- **YOUR ASSIGNMENT**: Find the line with "1033 Belltown Road Hartford KY 42347" in the entries below, then output every line from it down to the line with "Hotel 8 Fergus Falls Extérieur photo", exactly and with no pictures.

- **THE DATA**:
● ● ● ● ● ● ●
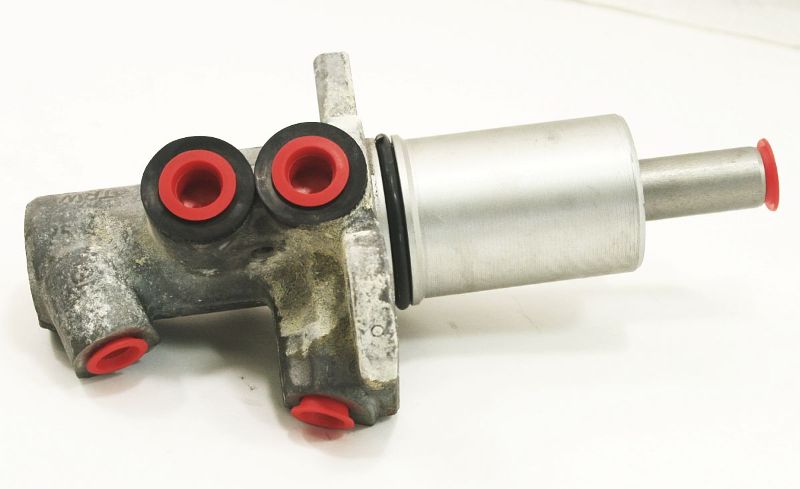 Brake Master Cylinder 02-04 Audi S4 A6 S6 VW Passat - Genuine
● ● ● ● ● ● ●
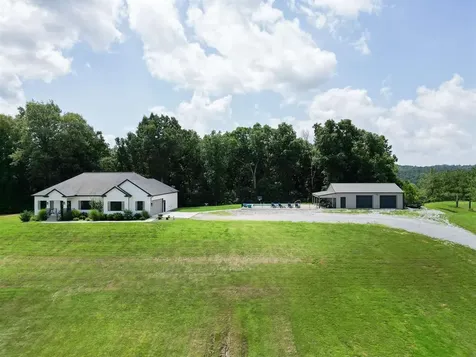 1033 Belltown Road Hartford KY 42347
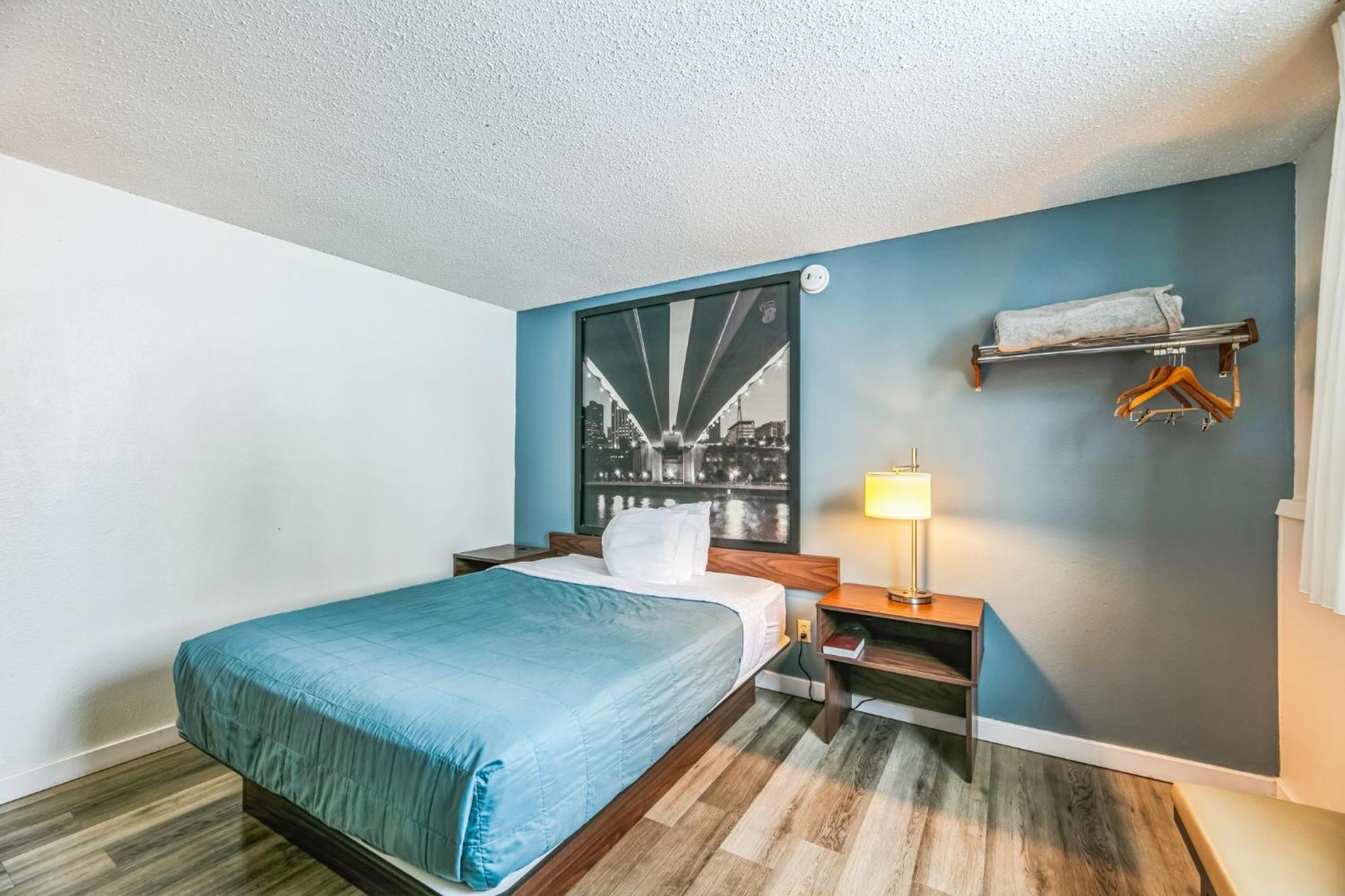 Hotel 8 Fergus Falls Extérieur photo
● ● ● ● ● ● ●
- **RESPONSE TO THIS EXERCISE**:
 1033 Belltown Road Hartford KY 42347
 Hotel 8 Fergus Falls Extérieur photo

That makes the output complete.